Bu değişimler devlet olma sürecinin temeli haline geldi. Ve fakat en önemlisi doğal koşulların etkisi ile oluşan insan tabiatı, o bedevi tabiat medeni tabiata dönüştü. Bu süreç, Yesrib’in Medine haline gelme sürecidir aynı zamanda.

Bahsi geçen bu sürecin yazının konusu ile olan bağlantısı şu ki haksızlığın, adaletsizliğin, zulmün, öldürmelerin, kan davalarının yaşamın bir parçası haline gelmiş o toplumdan hepimizin özlem duyduğu ve biraz da idealize ederek Asr-ı Saadet dediğimiz sahabe neslinin ortaya çıkması, sadece inanç/iman bağı sayesinde olmamıştır. Medine’ye hicret ile birlikte vahyin sosyal-ekonomik-siyasi emir ve nehiyleri o dönemin insan tabiatında, reflekslerinde, sorun çözme yöntemlerinde, sosyal ilişkilerinde değişikliklere neden oldu. Bu değişim bir anlamda uzun süre işe de yaradı. En azından iyisi ile kötüsü ile, doğrusu ile hatası ile bir İslam Medeniyeti ortaya çıkardı.

GERİCİLİĞİN ANAVATANI: ALIŞKANLIKLAR!

Ancak zamanın ve ortamın değişmesi ile birlikte kendi zamanında işe yarayan o kurucu unsurlar işlevini yitirmeye başladı. Hem de uzun zamandır. İslam inancının ve yasasının etkisini iyice yitirmesi ile birlikte Müslüman toplum kendi o kalıplara sığmak istemeyen, duygusal, refleksif, yıkıcı, ferasetten yoksun ve düşünceden payını almayan tabiatı ile baş başa kalmıştır.

İçinde yaşadığımız ve aslında sınırlarını inanç ilkelerimiz ile belirlediğimiz bu coğrafyalar bireysel olandan sosyal olana, duygusal olandan düşünsel olana, sabit olandan değişebilir olana, geçmişten günümüze ve hatta geleceğe, kırsal (badiye) olandan kente (Medine), keyfi-bireysel ve grupsal tercihli uygulamalardan yasaya, örfi olandan kanuni olana gelemedikleri ve bunlarla bağ kuramadıkları için hala sorun yaşıyorlar. Bedevi olanlar ne iman edebildiler ve hatta ne de tam olarak teslim oldular.

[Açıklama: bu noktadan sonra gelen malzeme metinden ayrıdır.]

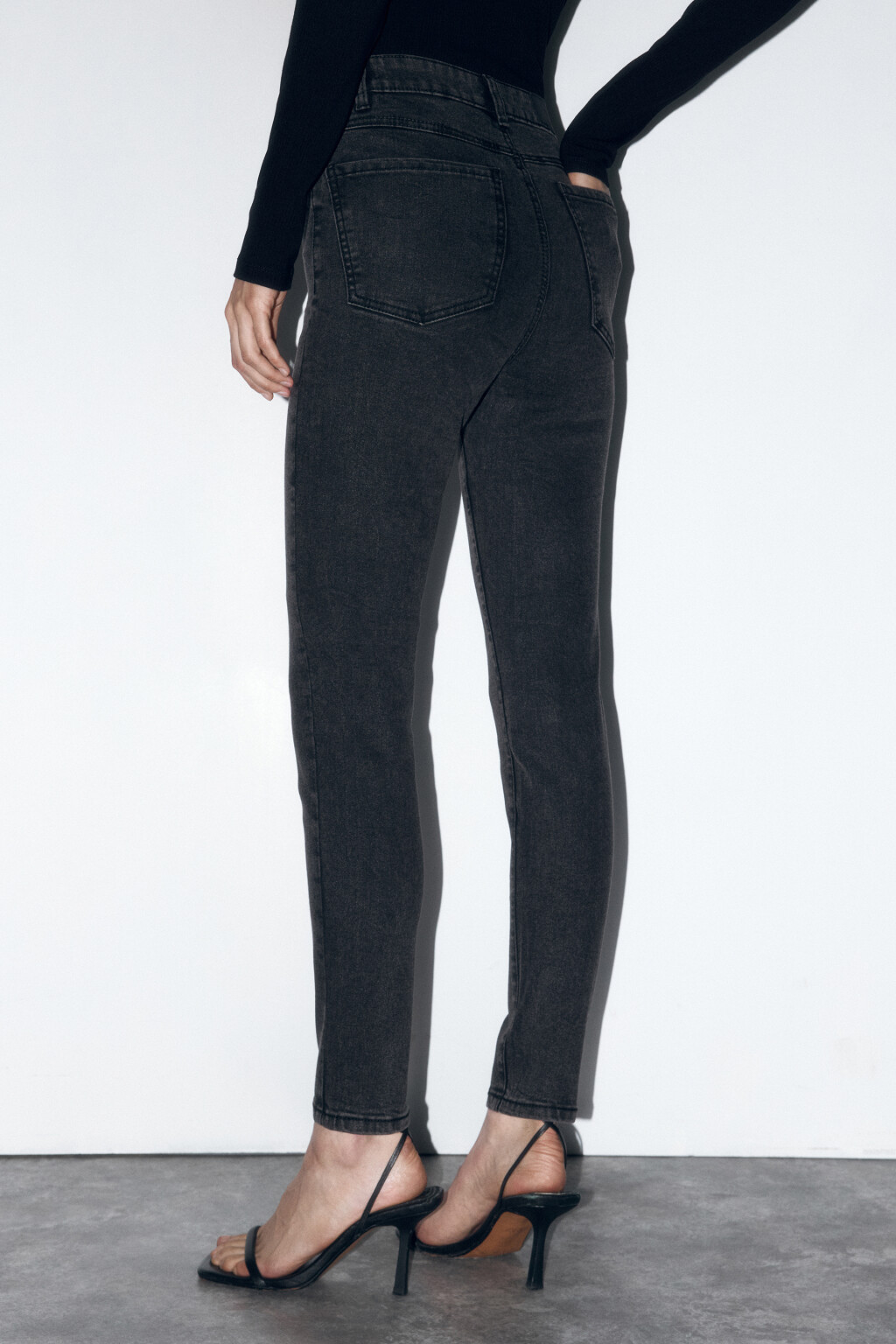 Джинсы skinny fit облегающие с высокой посадкой - цвет серый - 4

Vahiy ve Peygamberin şahsı etrafında bir araya gelenler yasayla, soyut bir organizasyon olan devletle baş başa kalınca dağıldılar. Yine alışkanlıkları gereği şahıs ve grup etrafında toplanmayı tercih ettiler.

İsmini Ali koydular, Emevi ve Abbasi koydular.
Sonrakiler Selçuklu ve Osmanlı; en moderni Türk veya Kürt koydular.

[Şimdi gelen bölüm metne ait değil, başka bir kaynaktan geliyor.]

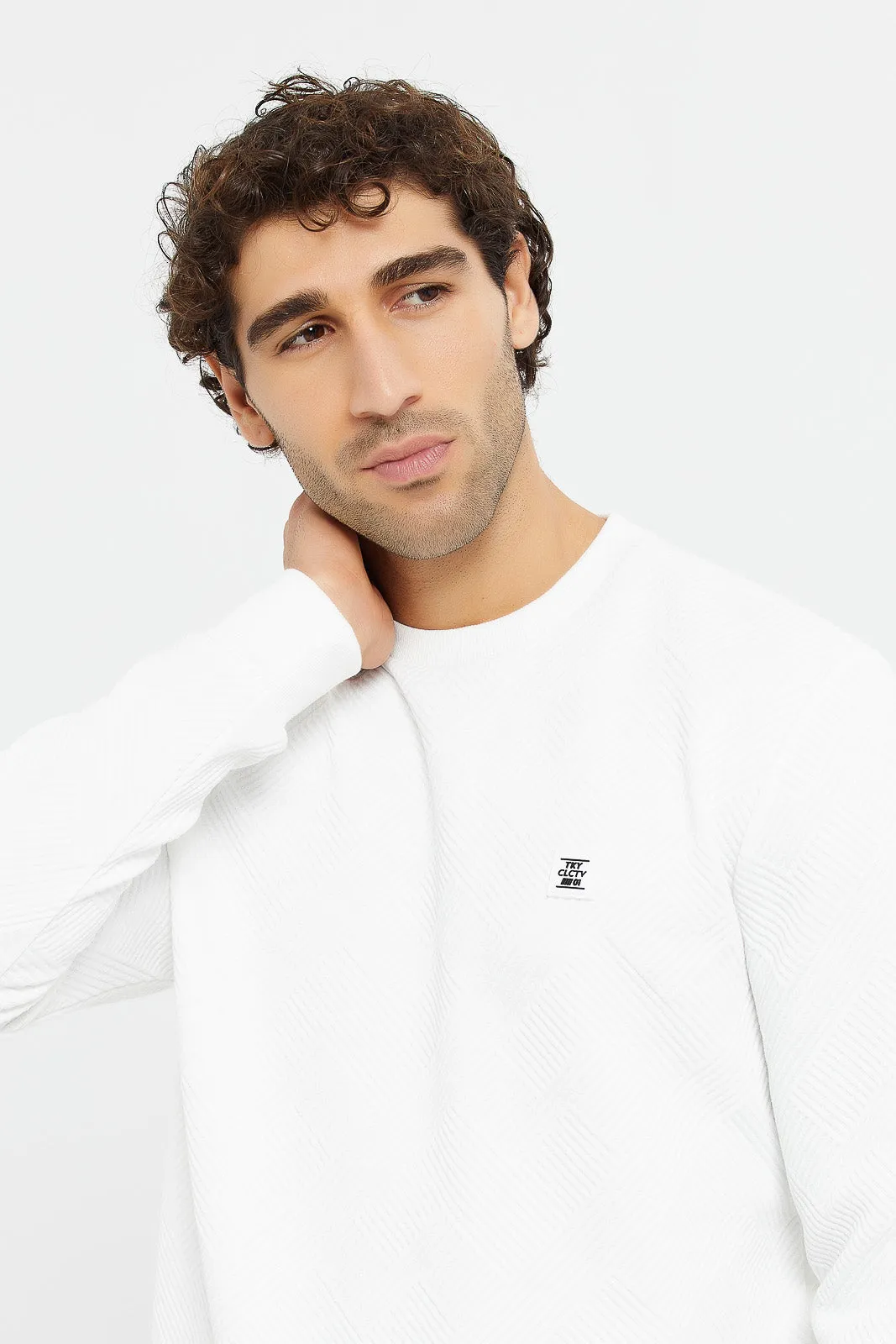 Men White Jacquard Sweatshirt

Zaman ve zemin değişse de alışkanlıklar ve örgütlenme tarzı hiç değişmedi.

Müslüman coğrafyadaki sorunların bu kadar göze batmasının sebebi de budur. Yaşam tarzları, sorun çözme metotları, örgütlenme şekilleri, eğitim anlayışları yüzlerce yıl öncesine aittir; fakat ne vahyin etkisini taşımakta ve ne de günün şartlarına uymaktadır.

Farklı olanların ve farklılıkların bu kadar iç içe olduğu, değişimin bir zorunluluk ve doğallık; hatta değer olarak görüldüğü bu çağda başka şeylere ihtiyaç duyulmaktadır.

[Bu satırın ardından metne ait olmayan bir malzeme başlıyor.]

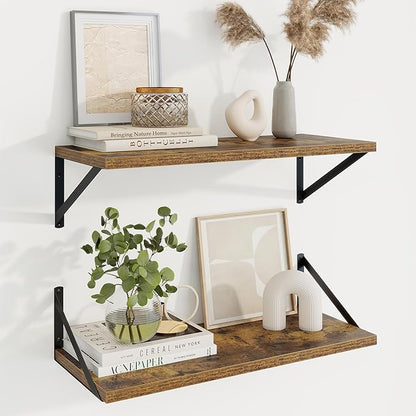 Axeman Deep Floating Shelves | 24 Inch Brown Wall Shelves Set of 2 | 10 Inch Deep Wood Floating Shelves for Wall | 24" W x 10" D Rustic Brown Shelves for Living Room Bathroom Kitchen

Bir anlamda toplumda aklın daha yetkin/etkin hale gelmesi, düşünsel faaliyetler ve düşünsel derinlik, farklılıklar ile temas, farklılıklara tahammül gösterebilme, farklı olmayı problem olarak görmeme, özgürlüğe değer verme, farklı tercihlerde bulunabilme, tercihte bulunabilme hakkına saygı, başka ve farklı olan ile uyum içinde yaşayabilme becerisi günümüz sosyal yaşamın en önemli özellikleri halini aldı.

Bahsi geçen bu özellik ve becerilerin hiçbirisi inanç/inanma ile ilgili değildir. Hatta inançlar, kişilere bu becerileri de kazandıramaz. İnanmanın ana gayesi “tevhiddir”, birleştirmektir, hakikat etrafında toplamaktır. Bu özellik, inanç/inanma için bir eksiklik ve kusur da değildir. İnançtan/inanmadan beklediğimiz de budur zaten. Ancak yaşam sadece inanç/inanma ile organize edilemez. (Medine döneminde gözlemlediğimiz değişimler gibi…) Dolayısı ile gözlemlediğimiz ve uygun görmediğimiz olayların sebebi olarak toplumun inanç değerlerini kavrayamamasını ve inançtan uzaklaşmasını artık gösteremeyiz.

Tek devlet, tek millet, tek inanç, tek bayrak…
Bir olmak, iri olmak, diri olmak…

Bunların hepsi geleneksel ve inanca dayalı dünya algısı ve yönetim sistemleri ile ilgilidir. Bu sistem, bir merkez etrafında bir ve birlik olmayı hedefler. Farklı olanı, farklı söylemi, farklı düşünceyi, farklı inanmayı kendisi için bir tehdit olarak görür. Farklılıkları mümkün olduğunca kontrol altında tutmayı, yönetime/sosyal alana yansıtmamayı arzular.

Tehditleri bertaraf etmenin geleneksel yöntemleri de bellidir: Haddini bildirmek. Haddini bilmiyorsa ya sürmek ya da öldürmek.
Müslümanlar açısından düşündüğümüzde, İslam beldelerinde ortaya çıkan, farklı inanan kişilerin (Müslüman olduğunu söylediği halde İslam adına kabul edilemez inancı savunanların) öldürülmesi ile ilgili olan vakaların nedeni din adına ortaya atılan yanlış görüşler değildir diye düşünüyorum.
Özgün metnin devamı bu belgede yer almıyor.